Court: Kansas “Ag-Gag” unconstitutionally bans free speech
WICHITA, Kan. (AP) — Provisions in a Kansas law that ban the secret filming at slaughterhouses and other livestock facilities unconstitutionally criminalize free speech, a federal judge ruled Wednesday.
U.S. District Judge Kathryn Vratil mostly sided with a coalition of animal rights and consumer protection groups which had challenged the state’s “Ag-Gag” law, which was enacted in 1990. The law makes it a crime for anyone to take a picture or video at animal facilities without the owner’s consent or to enter them under false pretenses.
The regulation of speech is not viewpoint-neutral because it only applies to speech that is made with intent to damage the enterprise conducted at an animal facility, Vratil wrote.
The litigation, filed in December 2018 i n U.S. District Court in Kansas, was brought by the Animal Legal Defense Fund, the Center for Food Safety, Shy 38 Inc., and Hope Sanctuary.
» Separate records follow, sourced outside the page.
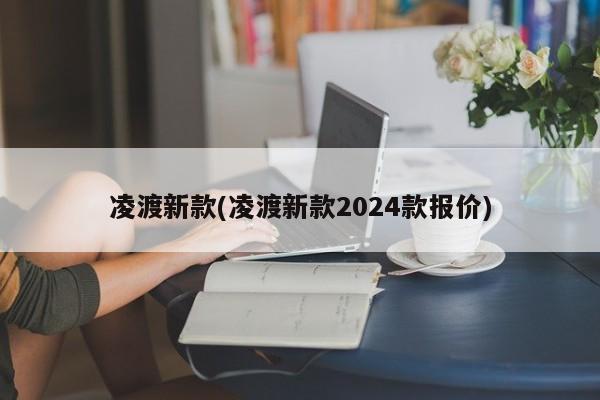 凌渡新款(凌渡新款2024款报价)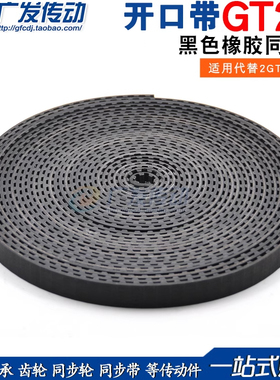 同步带  S2M/GT2M开口同步皮带  橡胶同步带 开口带 3D打印机配件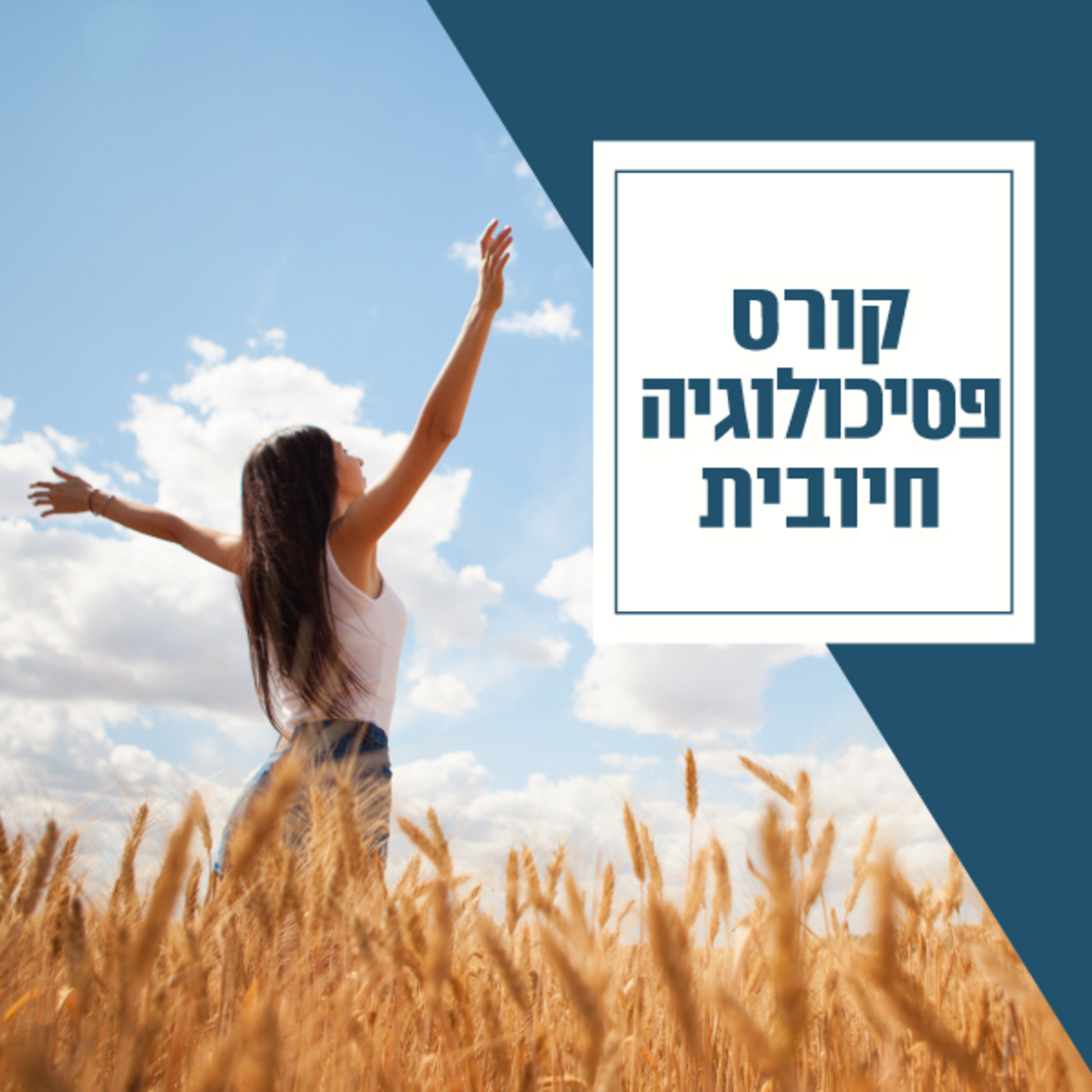 6 מפגשי הדרכה מעשית לשיפור האושר הכללי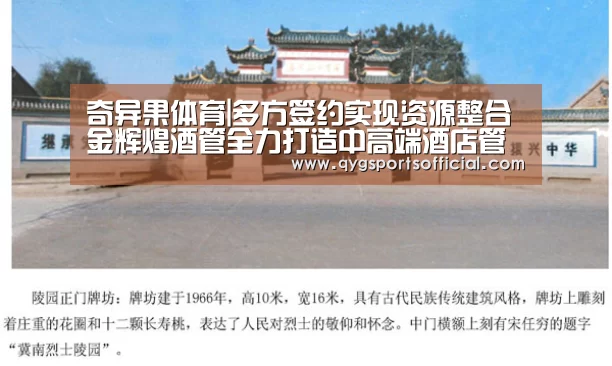 奇异果体育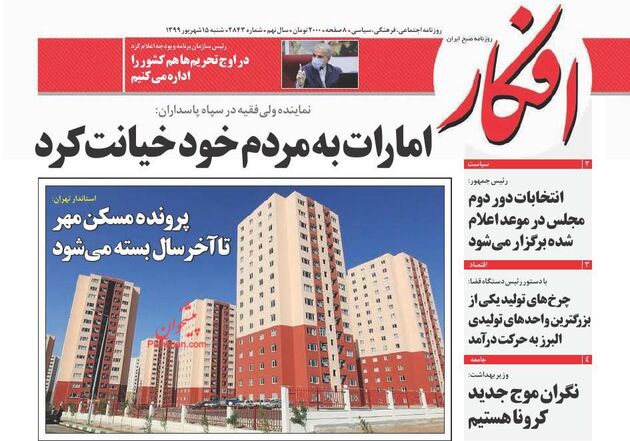 Afkar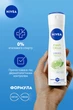 Антиперспирант NIVEA Свежесть цитруса спрей 150 мл (4006000008998/5900017075419) - изображение 3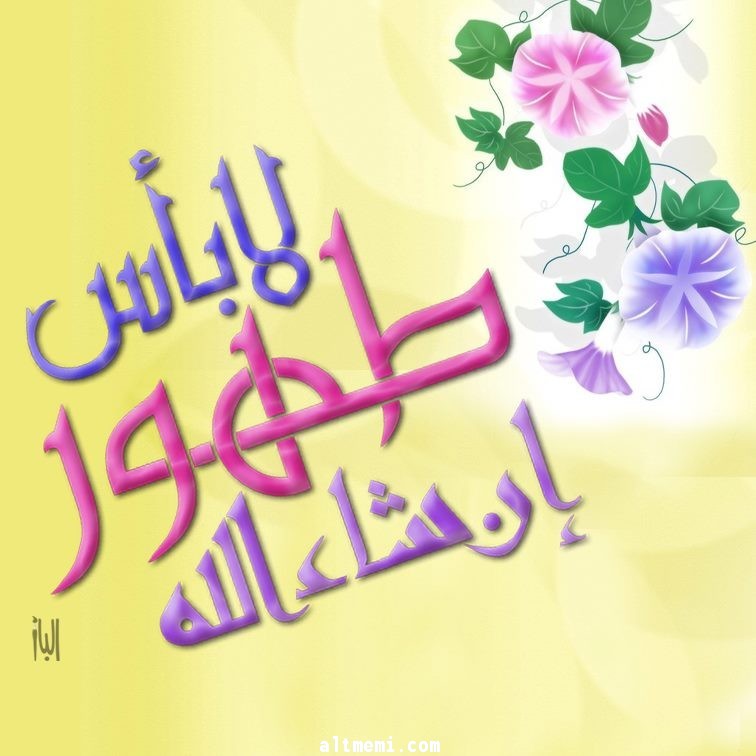 دعواتكم بالشفاء لابن العم / محمد الصليهم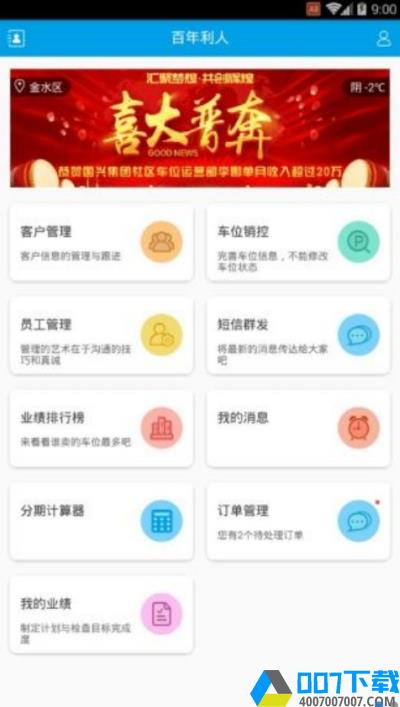 百年利人app下载_百年利人app最新版免费下载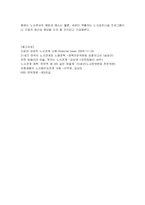 [노사관계론, 경영] 협력적인 노사관계-6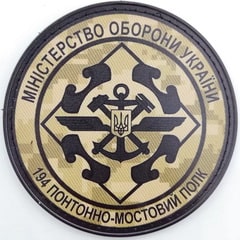 194 пмп МО 1.jpg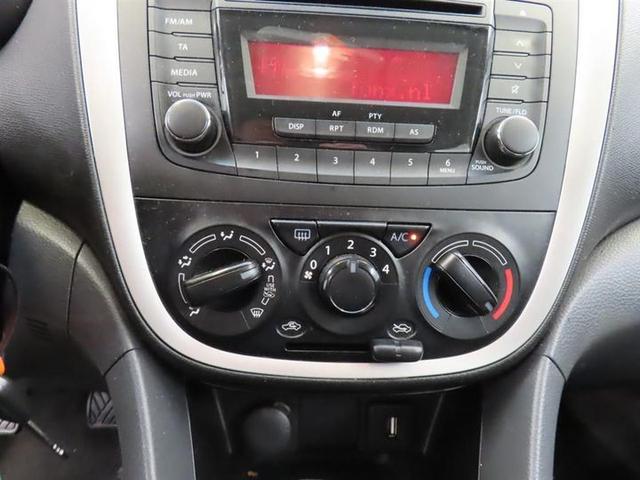 Photo 10 VIN: MMSLFE62S00114804 - SUZUKI CELERIO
It names Kansas Gov. Laura Kelly and Attorney General Derek Schmidt as defendants.
“We are carefully reviewing the court’s decision and will work to determine the appropriate next steps,” said Clint Blaes, spokesman for the attorney general’s office.
In a 39-page split decision the judge summarily ruled that a key section of the Kansas Farm Animal and Field Crop and Research Facilities Protect Act “plainly targets negative views about animal facilities and therefore discriminates based on viewpoint.”
The judge based her ruling on a “strict scrutiny” reading of the law, which allows a content-based speech restriction only if it is necessary to serve a compelling interest and are narrowly tailored to achieve that end.
In declaring those portions of the law unconstitutional, Vratil said the state did not attempt to justify those provisions. The state only argued that they are a reasonable way to protect animal facility owners’ privacy and property rights and did not assert a compelling interest in protecting those rights.
But even if they had, the state still did not meet its burden because the law did not prevent everyone from violating the property and privacy rights of animal facilities owners — only those who violate those rights with intent to damage the enterprise at the animal facility, she said.
Undercover operations, which expose unsafe and inhumane conditions, are a crucial form of free speech, the lawsuit argues. It contends such investigations have revealed information about animal cruelty, unsafe food handling practices, environmental hazards and inhumane working conditions.
Similar laws in Utah and Idaho have been struck down as unconstitutional violations of the First Amendment, and litigation is pending in several other states.
Vratil found the groups had no legal standing to sue over some of the other provisions of the same law that prohibit physically damaging or destroying an animal facility because the groups’ investigators had not alleged they intended to engage in that conduct.